Currently Lauper is opening for Cher's "Farewell Tour" through December, playing most of Shine and a smattering of her best and best-known songs. The Shine available through retail and sold through her Web site (www.cyndilauper.com) is something less than what it once was. In a perfect world, it would have continued the creative arc of 1992's Hat Full of Stars and 1997's Sisters of Avalon. Both were skilled, experimental albums that pushed the limits of her talent, logical progressions from her chock-full-of-hits 1984 debut, She's So Unusual. But, according to Lauper, these later efforts were too, well, unusual, for her record company, Sony/Epic.
"I thought [Sisters of Avalon] was a great record, but my record company had issues," she says. "I was out there touring, pregnant, opening for Tina Turner. Tina was on Virgin at the time, and their people felt so sorry for me they helped with my promotion."

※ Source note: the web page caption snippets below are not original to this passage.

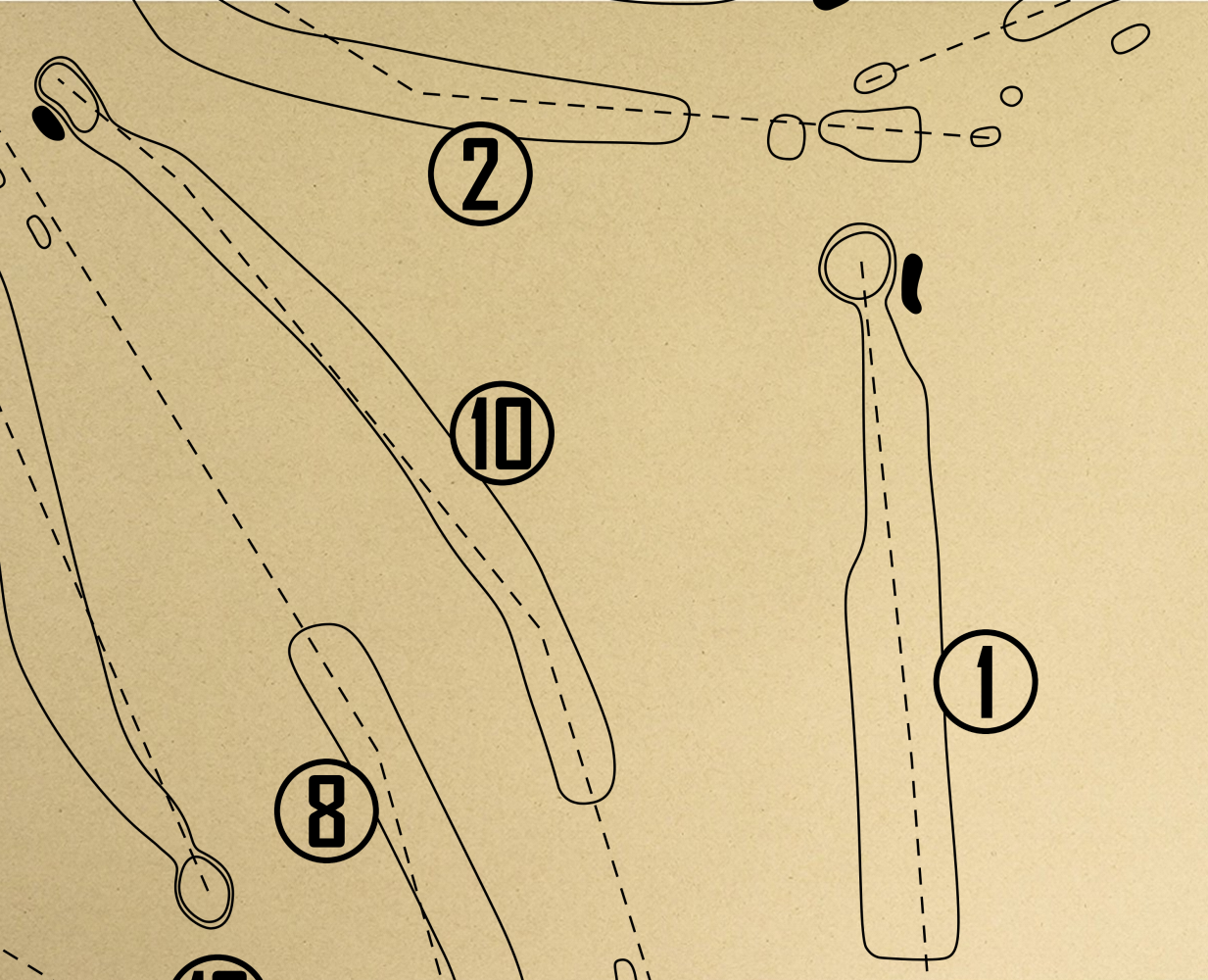 Riverside Country Club Outline (Print)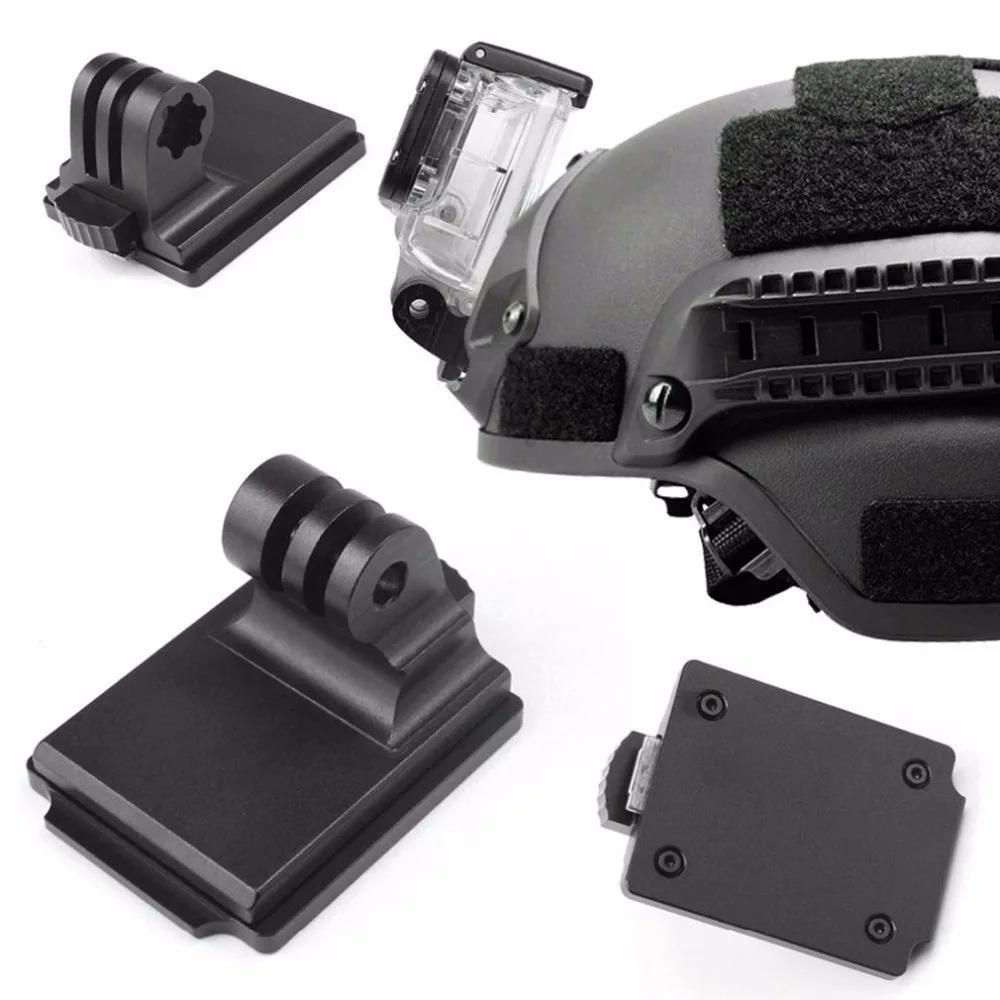 Профессиональный алюминиевый фиксированный шлем для GoPro 3 NVG крепление Алюминиевый шлем для экшн-камеры фиксированный Адаптер для крепления NVG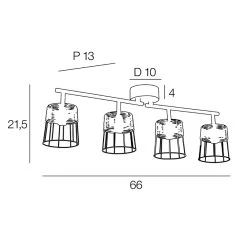Corep Spot En Métal Et Rotin L66cm Noir Mat - Indah -SEMA DESIGN Boutique 631542 FRN04 WEB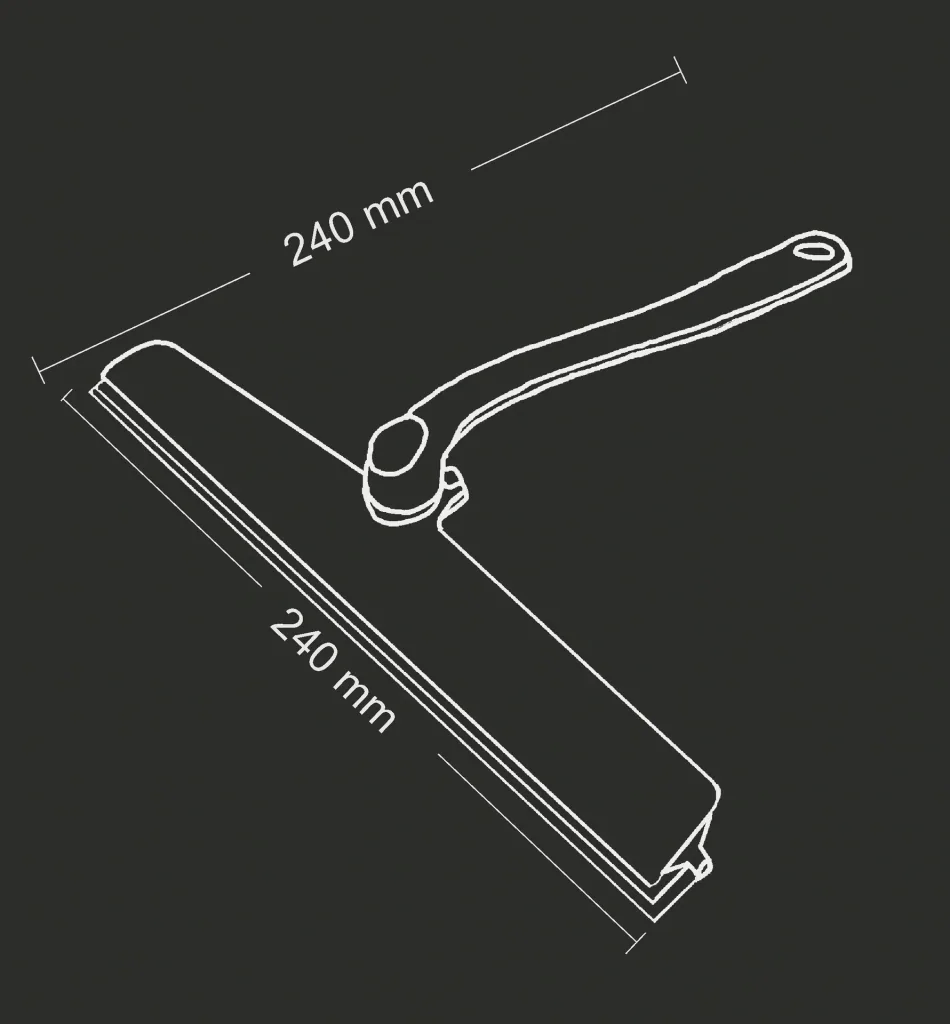 Rotating shower squeegee “Exclusive”, white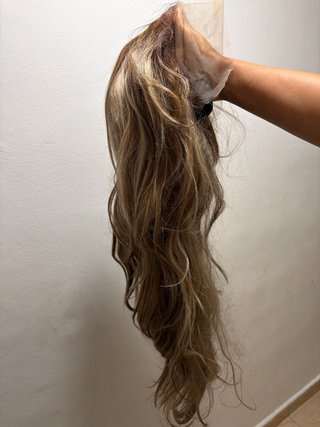 Peluca 60% Pelo Natural Rubio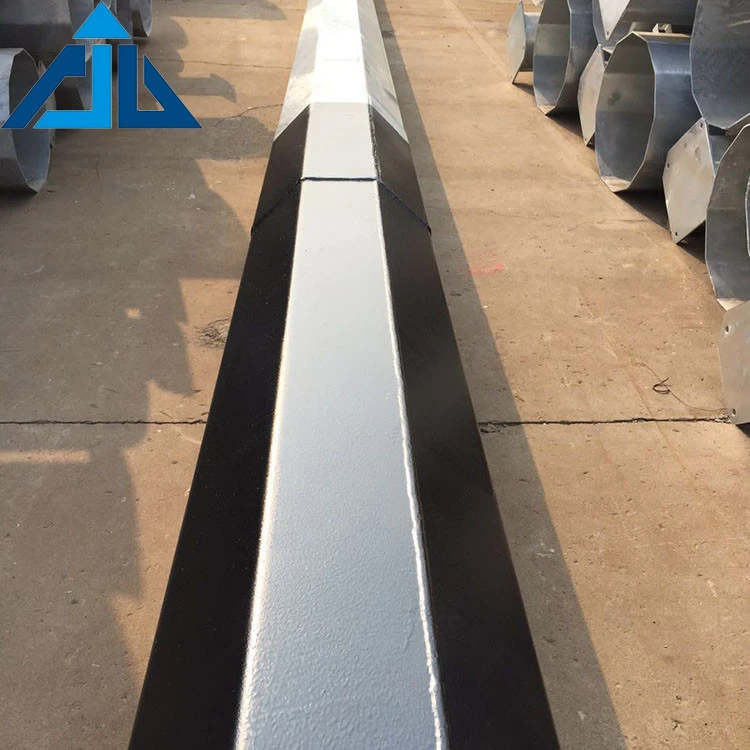 High quality custom electrical galvanized steel pole in power distribution equipment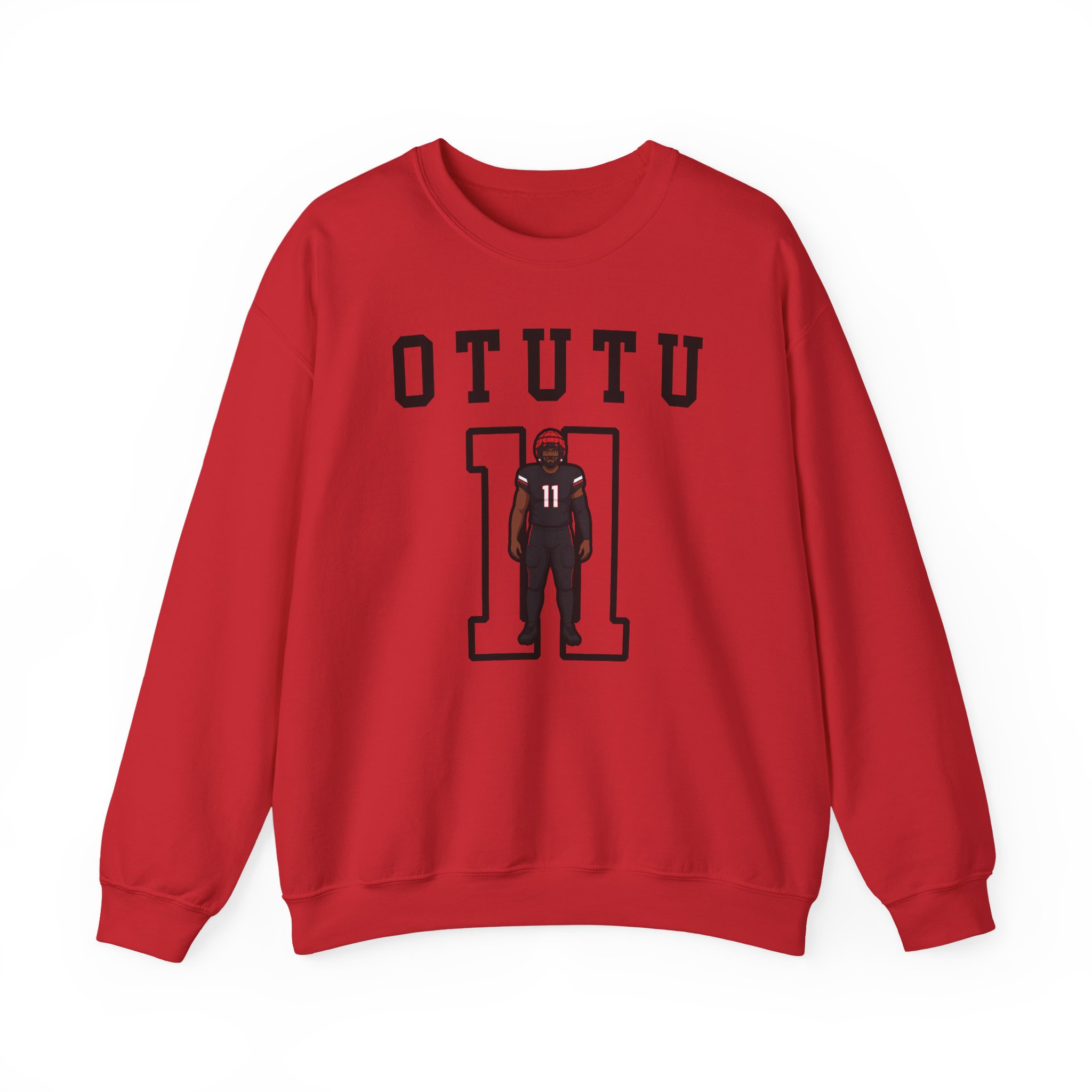 Crewneck Sweatshirt — character_shirsey in Red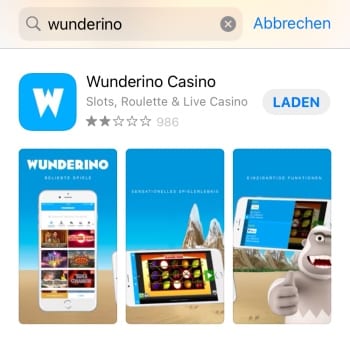 Download the Wunderino app in the App Store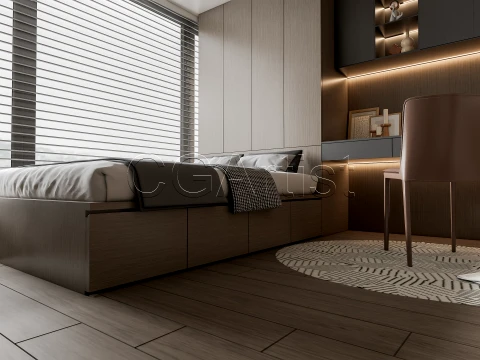 Modern bedroom 35 3D Model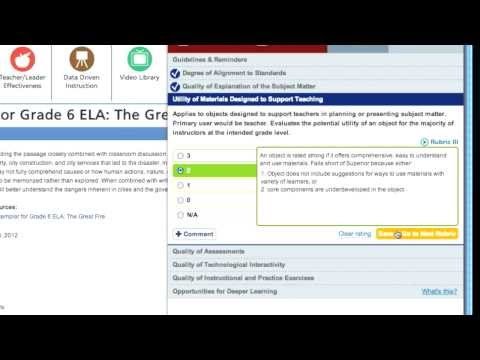 How to Align &amp; Evaluate a Resource on OER Commons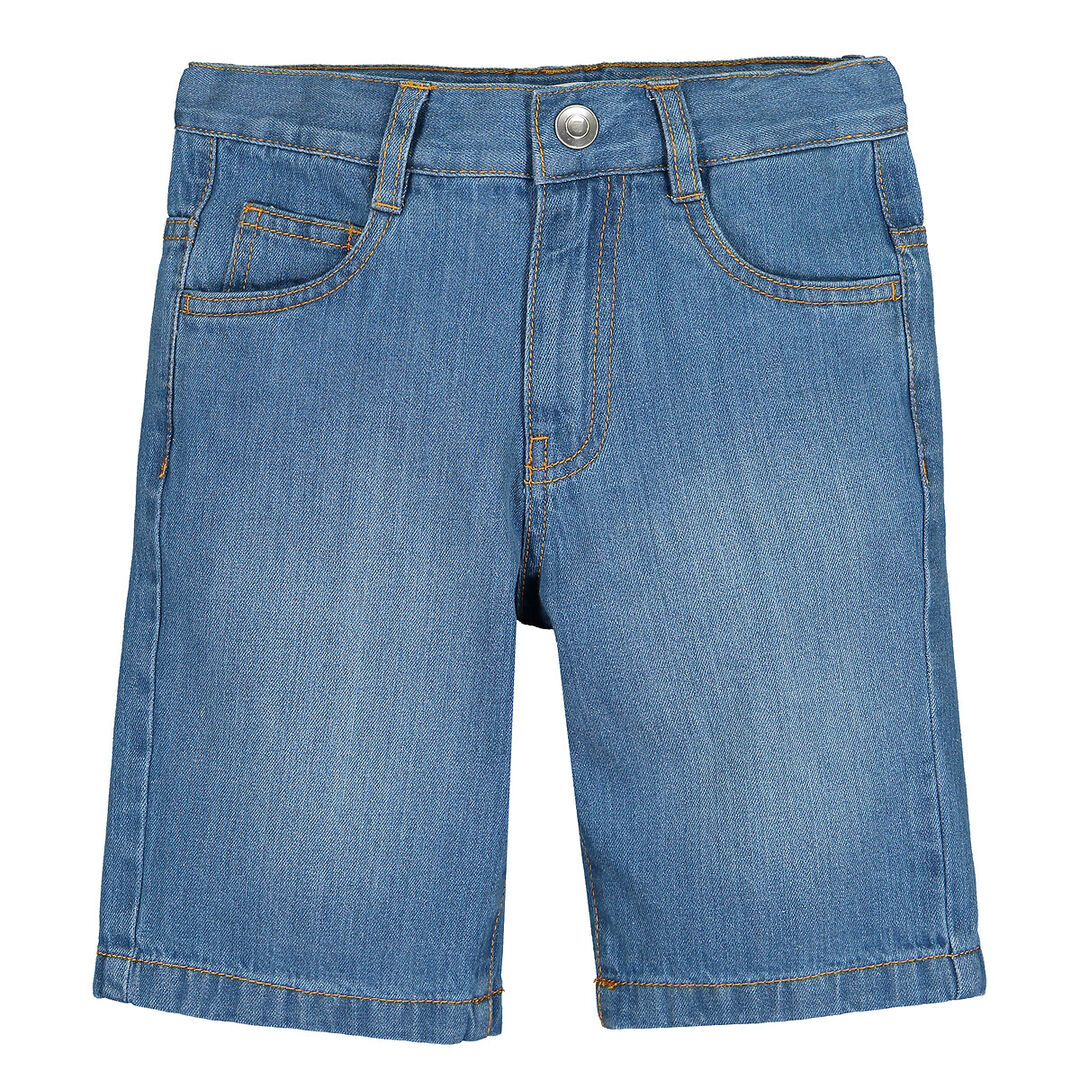 Бермуды Из джинсовой ткани 3-12 лет 8 синий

When the tour ended Lauper asked to be released from her contract. Sony agreed, but only if she recorded a Christmas album. "I went along with that, because it was something I wanted to do anyway," she says. "And I did everything right. I opened the lighting of the tree at Rockefeller Center. I did Rosie, did Letterman, but people still couldn't get the records. They were promoting someone else that year. Maybe they didn't like the idea that I called it Merry Christmas -- Have a Nice Life!"
Lauper admits that some of her record company problems originate from her own lack of diplomacy. "Whenever I'm talking to someone important there's always a moment where the other people in the room choke on their food because of something I said."
Released from Sony, she recorded the full-length Shine, which was set for release last year on Edel Records, but Edel went under before the album came out, and Lauper began looking for alternatives. Surprisingly, she'd play the new songs and audiences started singing along, prompting her to put something out for the fans.
"I didn't want to shoot my whole wad, but wanted to put something out and picked the ones that people were singing along with," she says. "Although I have no idea how they heard them in the first place."
While Lauper attempts to find the complete Shine a home, she admits it's somewhat outdated. Written and recorded before last September's terrorist attacks, the album is "very 2001, which is not where I am anymore." As a result, there is an entire second album in the can, but there are no concrete plans for its release.
But in the battle of Lauper versus the suits, the odds are good. "The gatekeepers will come and go," she says. "But I'll always be here. I know how to sing. I know how to write. When I was a little kid I could always win anybody over by singing. When I thought my house was haunted I figured that if I could sing a song and charm the ghosts they wouldn't kill me. And it must have worked . . . I'm still here."